Set down the records exactly, and omit any image found in them.

BEGIN SOURCE INFORMATION

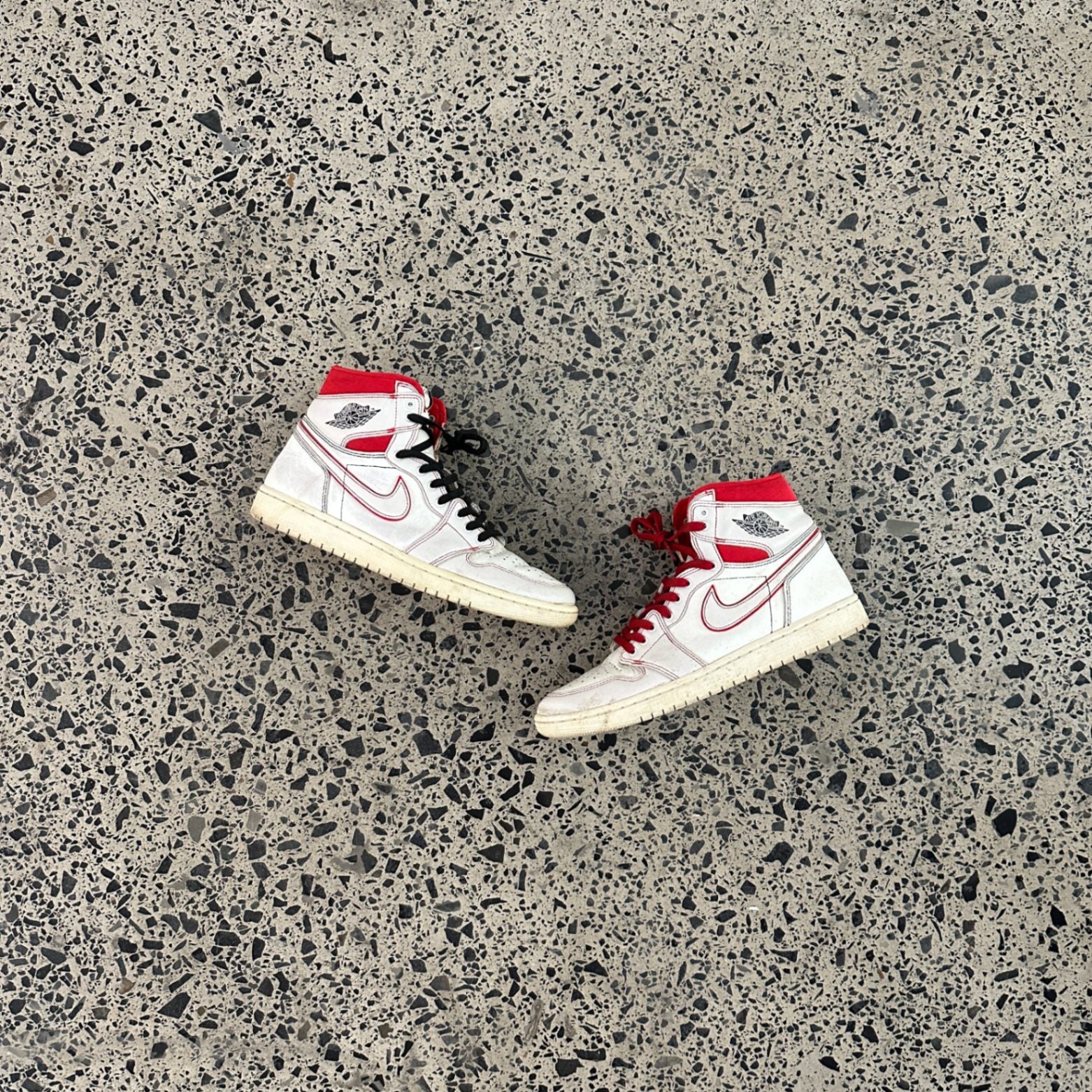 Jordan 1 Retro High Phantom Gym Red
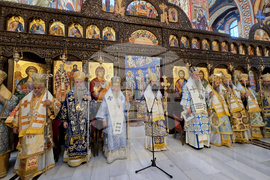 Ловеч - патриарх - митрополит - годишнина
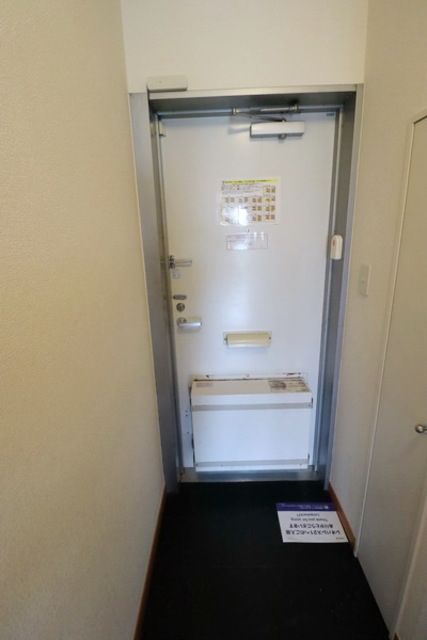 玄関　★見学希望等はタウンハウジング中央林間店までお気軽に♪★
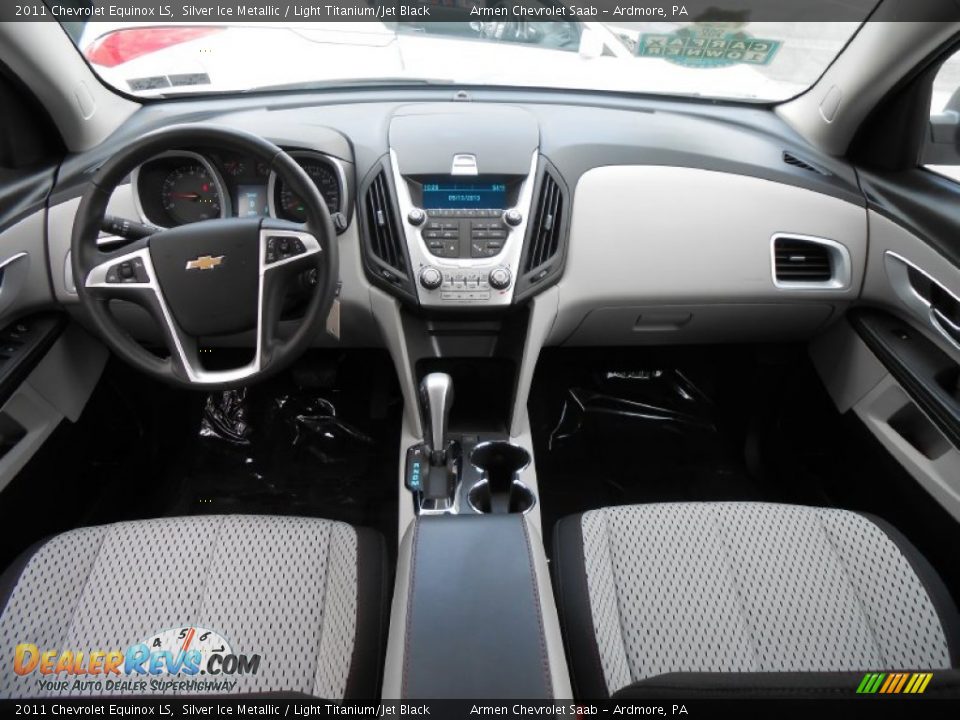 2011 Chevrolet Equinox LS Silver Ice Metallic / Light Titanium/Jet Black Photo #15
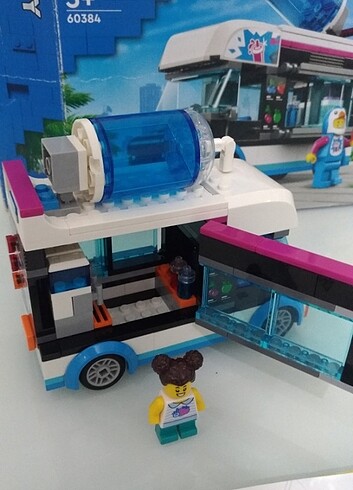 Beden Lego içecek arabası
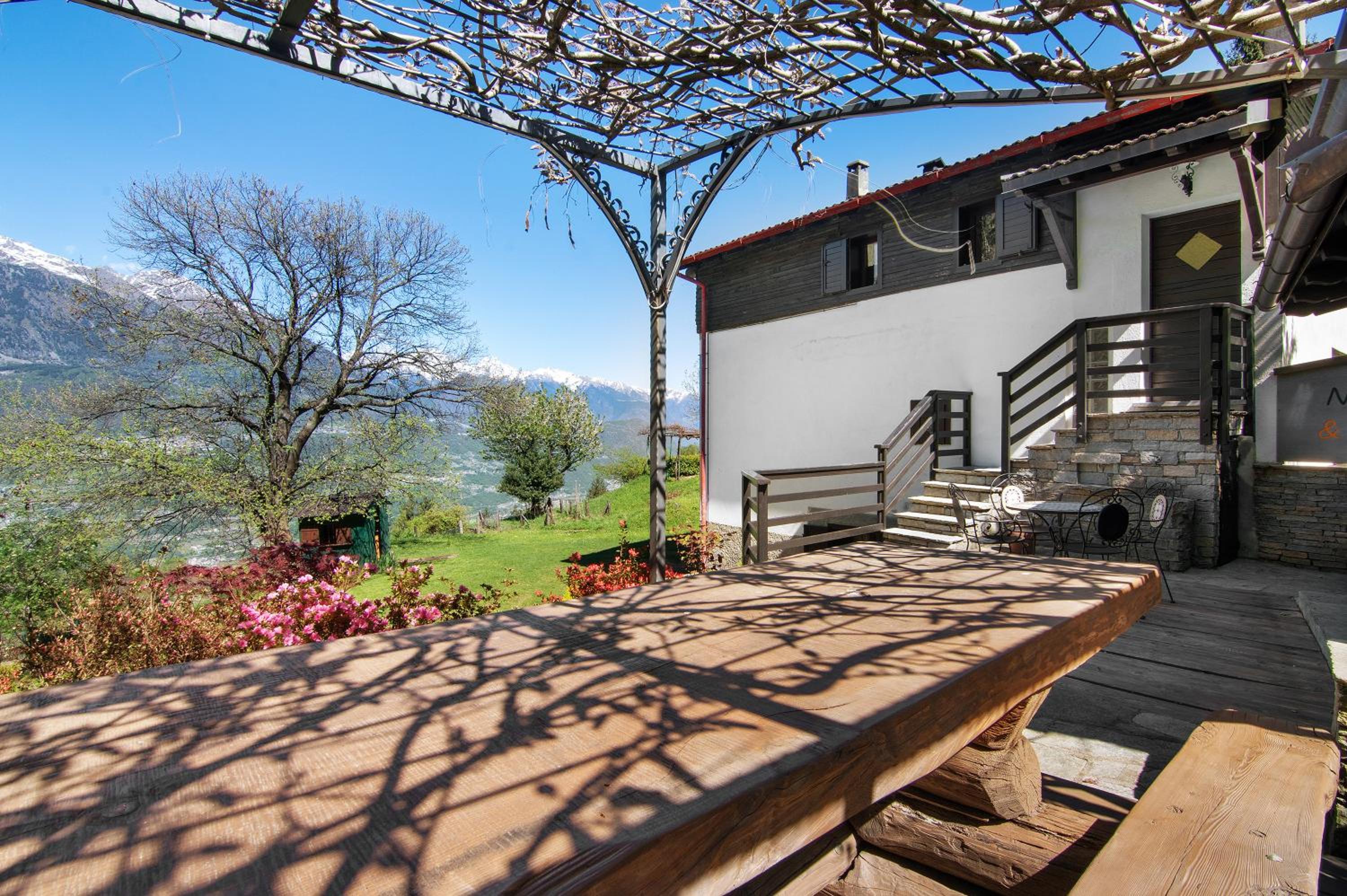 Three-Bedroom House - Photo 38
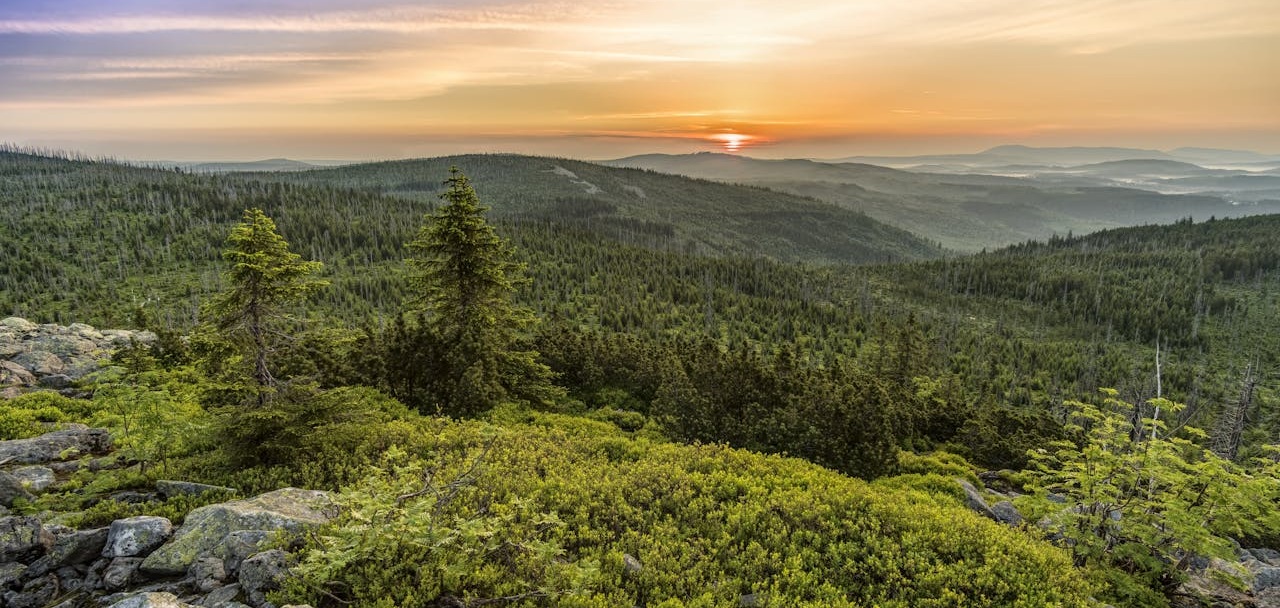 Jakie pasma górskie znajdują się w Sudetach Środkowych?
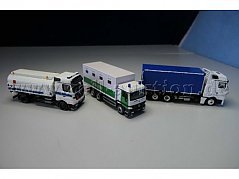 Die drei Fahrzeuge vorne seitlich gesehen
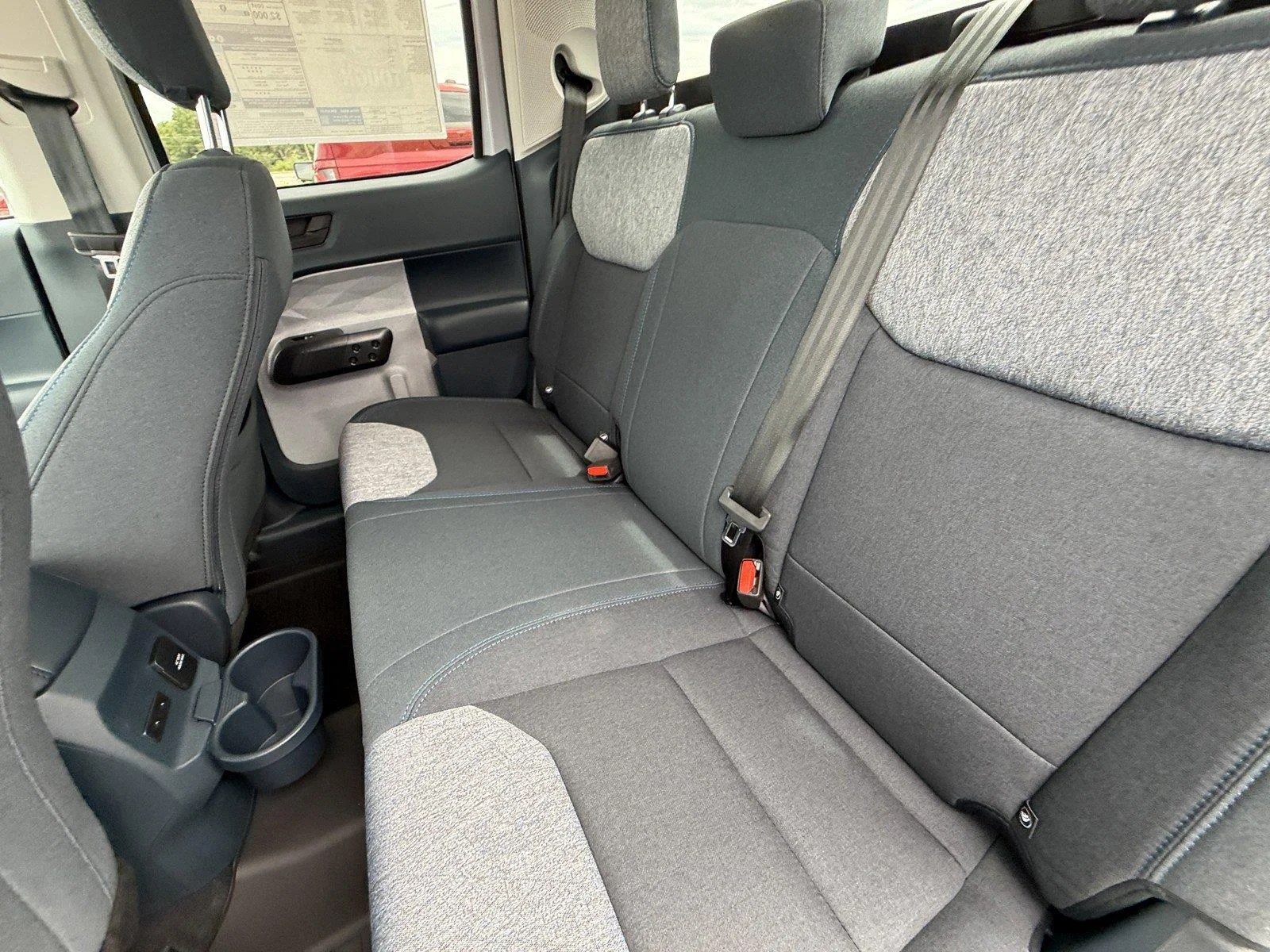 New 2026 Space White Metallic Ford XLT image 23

END SOURCE INFORMATION

### PROBLEM SOLUTION
 Jordan 1 Retro High Phantom Gym Red
 Ловеч - патриарх - митрополит - годишнина
 玄関　★見学希望等はタウンハウジング中央林間店までお気軽に♪★
 2011 Chevrolet Equinox LS Silver Ice Metallic / Light Titanium/Jet Black Photo #15
 Beden Lego içecek arabası
 Three-Bedroom House - Photo 38
 Jakie pasma górskie znajdują się w Sudetach Środkowych?
 Die drei Fahrzeuge vorne seitlich gesehen
 New 2026 Space White Metallic Ford XLT image 23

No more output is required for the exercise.